Scraped caption text data:
Content starts

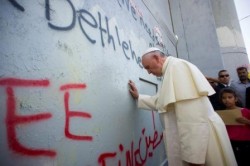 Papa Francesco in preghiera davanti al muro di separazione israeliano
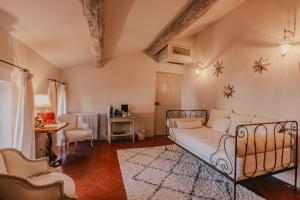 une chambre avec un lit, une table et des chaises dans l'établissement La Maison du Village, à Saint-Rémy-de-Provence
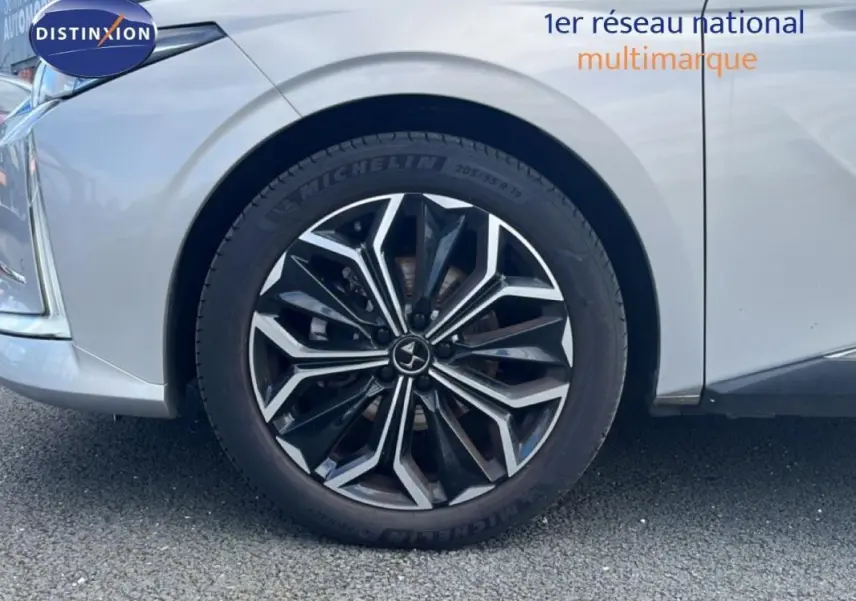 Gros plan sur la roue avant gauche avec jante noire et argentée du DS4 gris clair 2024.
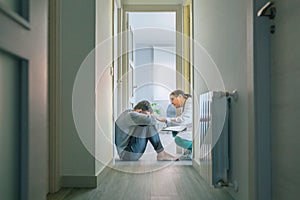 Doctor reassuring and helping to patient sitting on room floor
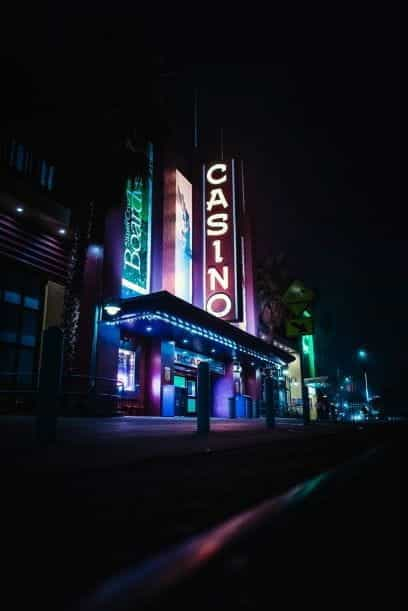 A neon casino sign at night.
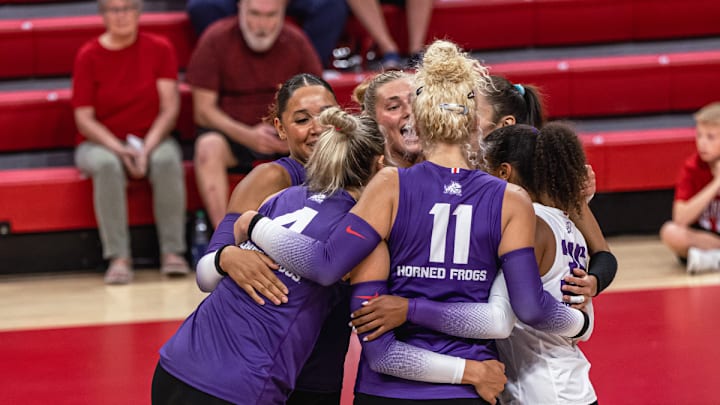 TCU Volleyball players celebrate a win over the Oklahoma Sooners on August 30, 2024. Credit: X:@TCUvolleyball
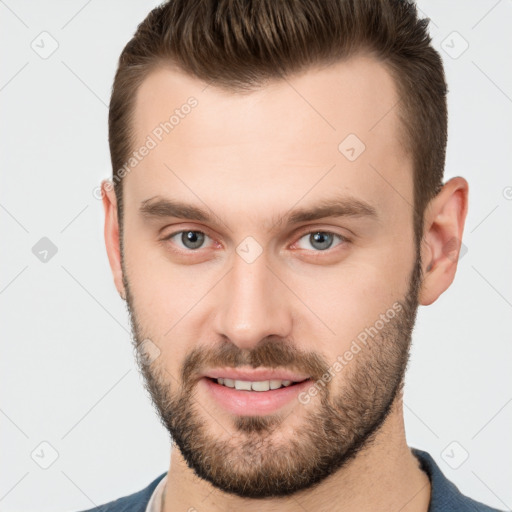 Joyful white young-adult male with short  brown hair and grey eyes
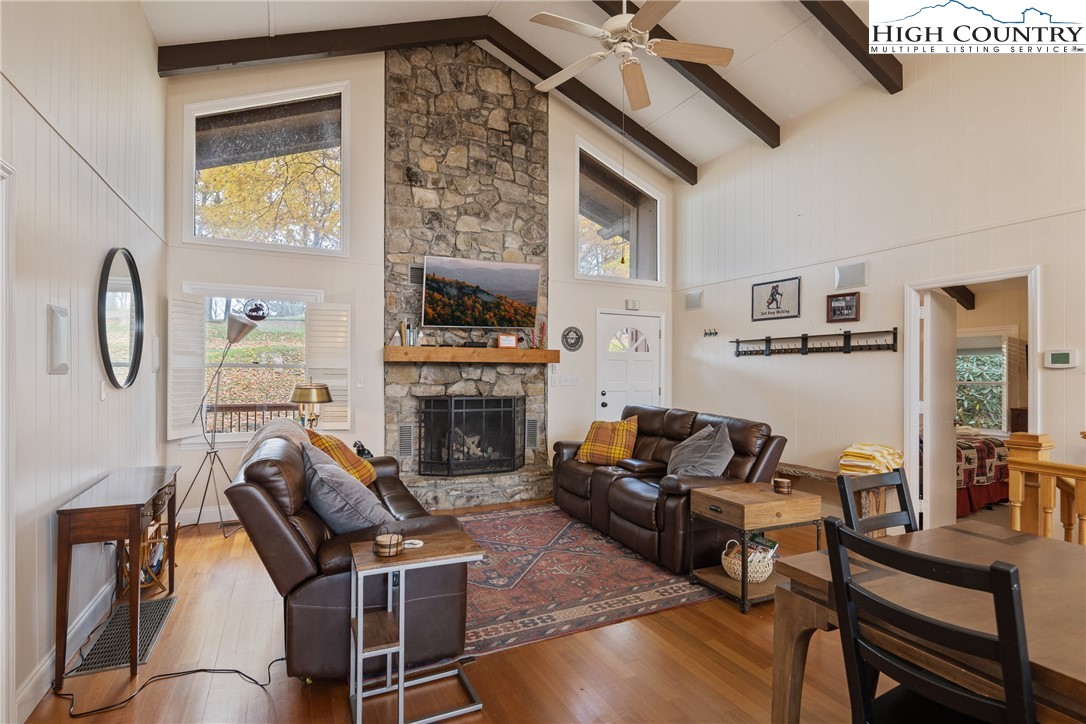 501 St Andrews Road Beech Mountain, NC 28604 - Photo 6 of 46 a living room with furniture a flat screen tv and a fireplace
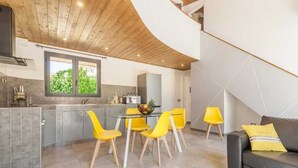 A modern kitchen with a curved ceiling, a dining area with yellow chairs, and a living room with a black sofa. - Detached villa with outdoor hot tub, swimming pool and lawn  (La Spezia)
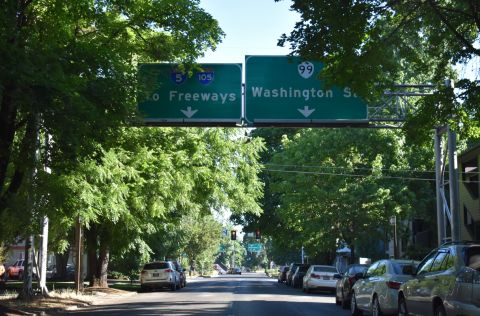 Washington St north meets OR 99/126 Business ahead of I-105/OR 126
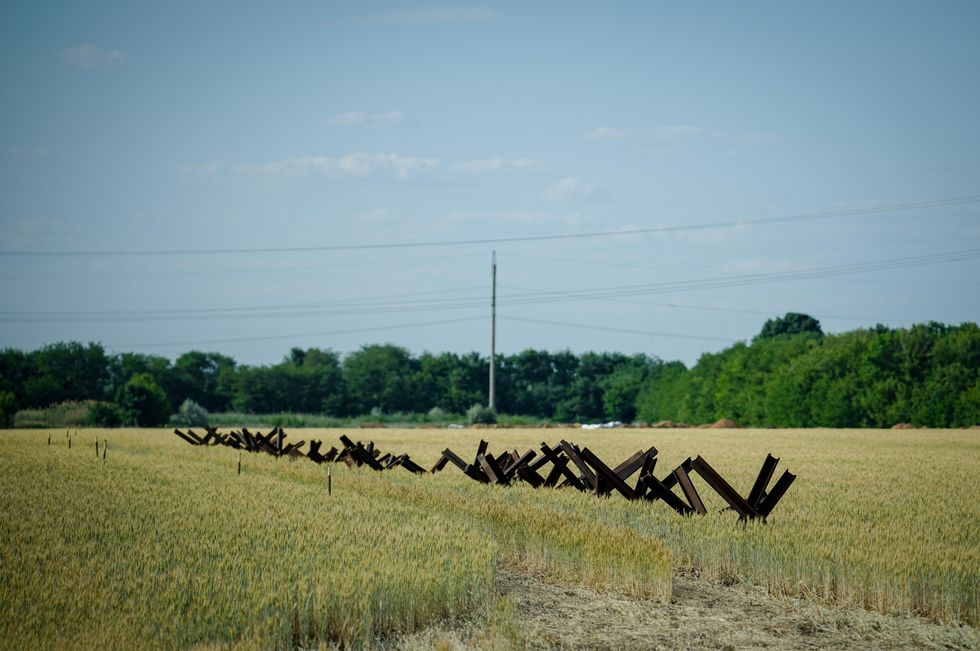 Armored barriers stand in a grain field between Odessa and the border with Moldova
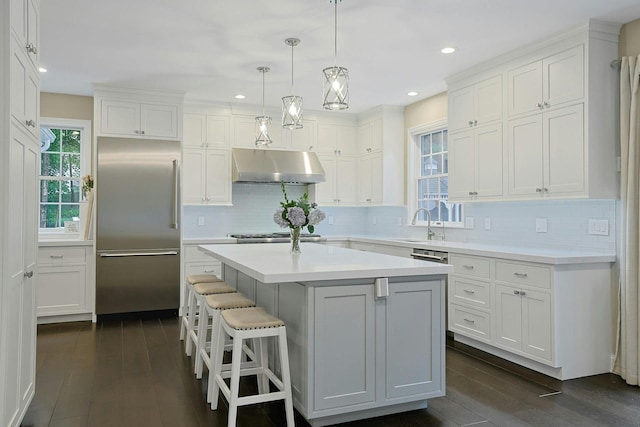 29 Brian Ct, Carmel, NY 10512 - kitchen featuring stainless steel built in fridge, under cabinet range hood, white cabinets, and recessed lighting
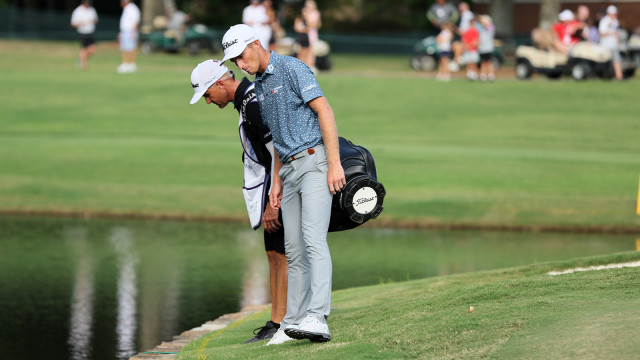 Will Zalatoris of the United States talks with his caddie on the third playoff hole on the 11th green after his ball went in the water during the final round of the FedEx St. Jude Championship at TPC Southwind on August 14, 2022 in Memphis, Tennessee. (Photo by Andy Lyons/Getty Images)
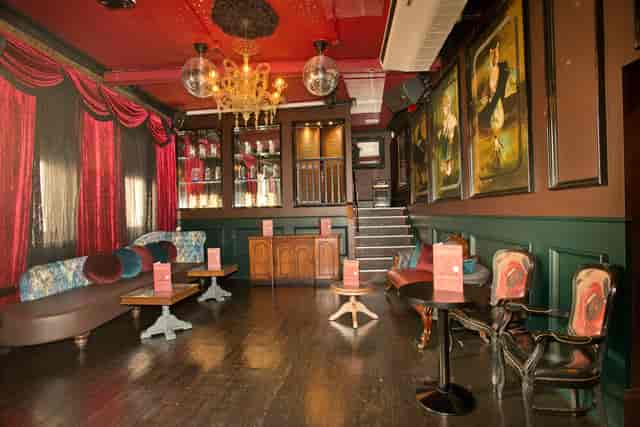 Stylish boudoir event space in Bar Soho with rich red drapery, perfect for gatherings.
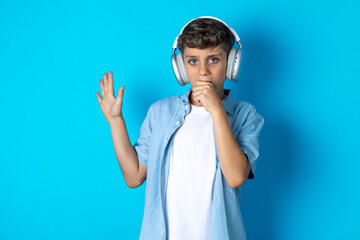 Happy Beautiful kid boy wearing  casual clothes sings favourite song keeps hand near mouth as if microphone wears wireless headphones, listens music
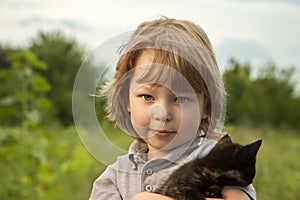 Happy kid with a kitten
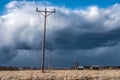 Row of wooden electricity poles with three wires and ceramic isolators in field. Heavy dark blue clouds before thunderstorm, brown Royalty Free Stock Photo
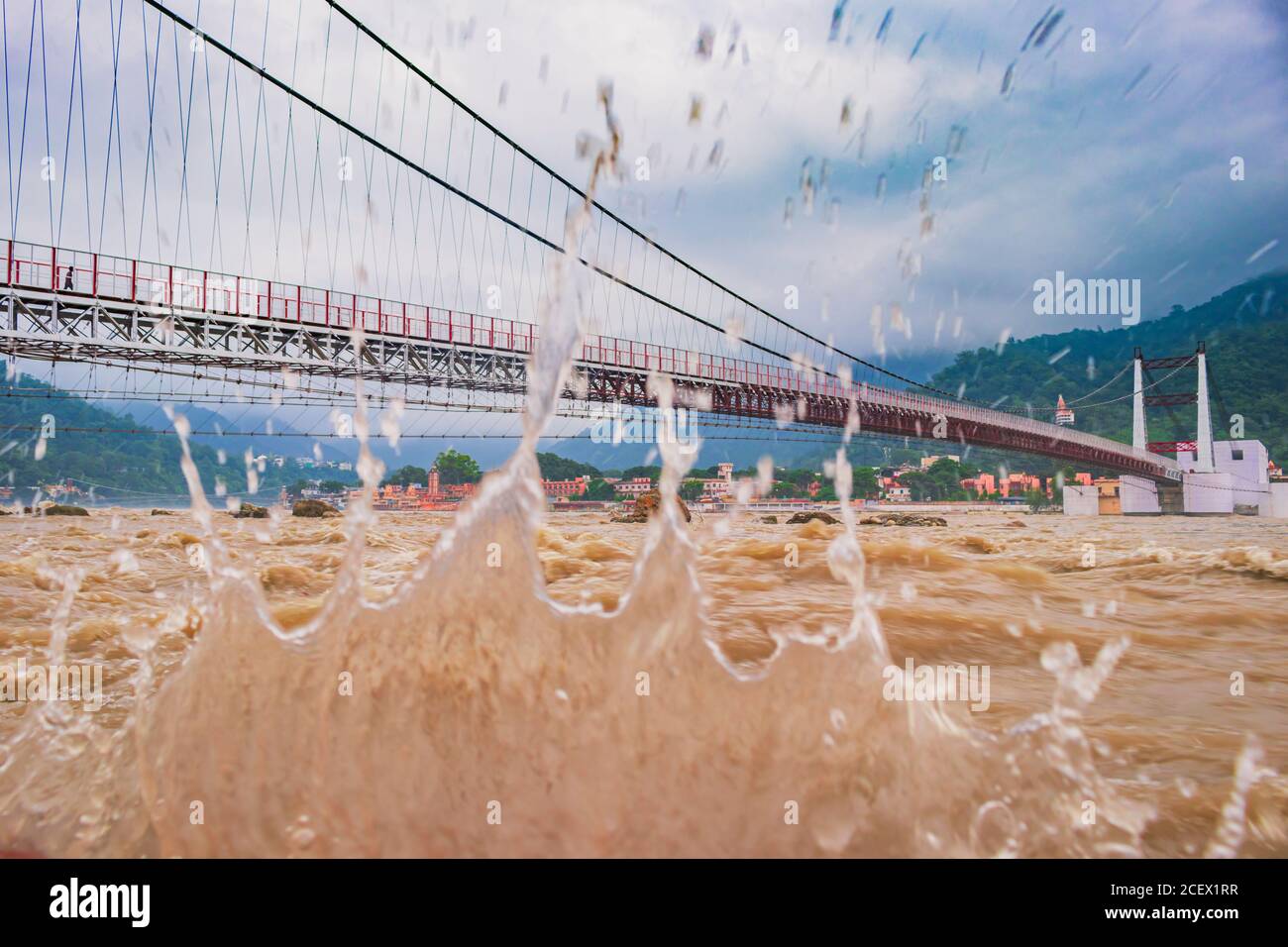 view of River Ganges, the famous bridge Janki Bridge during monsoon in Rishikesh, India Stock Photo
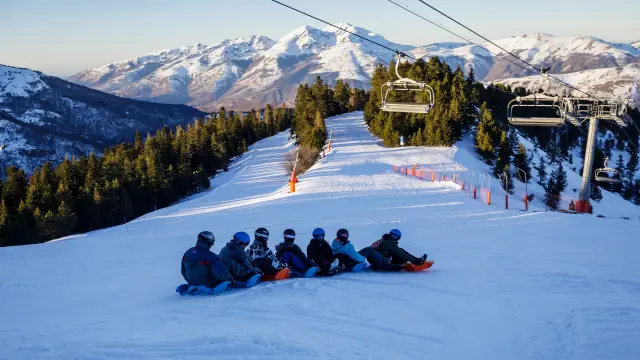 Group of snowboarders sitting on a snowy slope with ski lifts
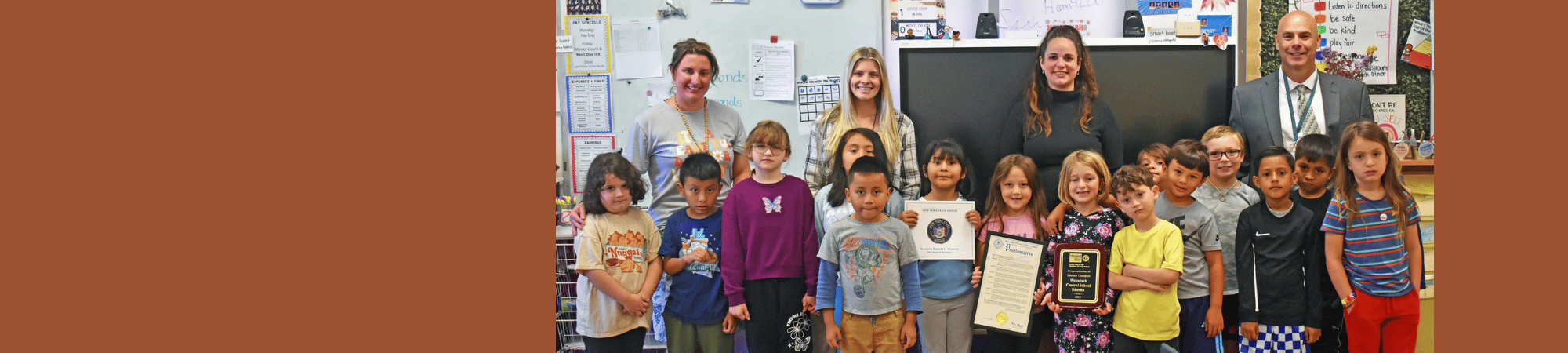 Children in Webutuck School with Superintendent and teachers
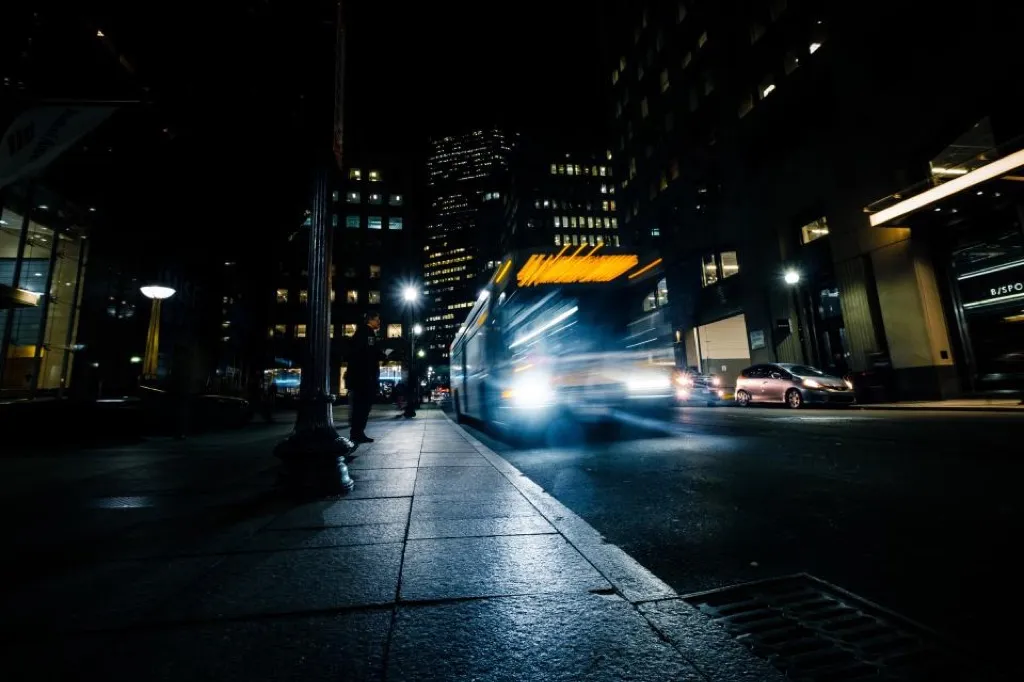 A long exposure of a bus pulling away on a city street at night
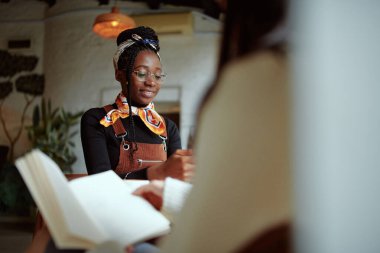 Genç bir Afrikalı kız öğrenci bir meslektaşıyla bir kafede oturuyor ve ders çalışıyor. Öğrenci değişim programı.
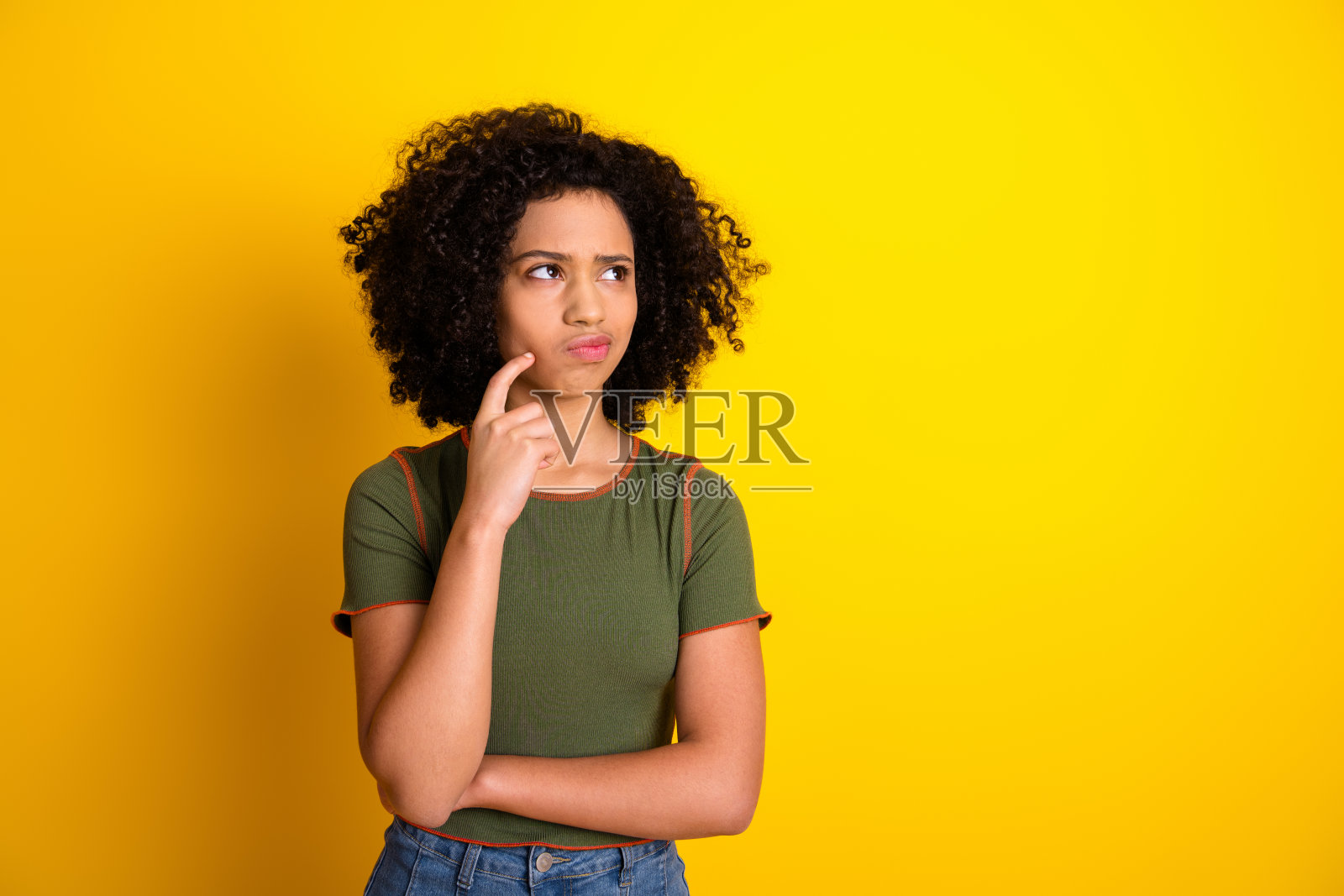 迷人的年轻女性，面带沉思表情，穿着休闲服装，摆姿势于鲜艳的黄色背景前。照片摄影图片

Content ends

EXERCISE DIRECTIONS:
Transcribe exactly the lines that run from the first line of the records above through the line with "une chambre avec", and include both of those lines; pictures stay out.

YOUR SOLUTION:
 Papa Francesco in preghiera davanti al muro di separazione israeliano
 une chambre avec un lit, une table et des chaises dans l'établissement La Maison du Village, à Saint-Rémy-de-Provence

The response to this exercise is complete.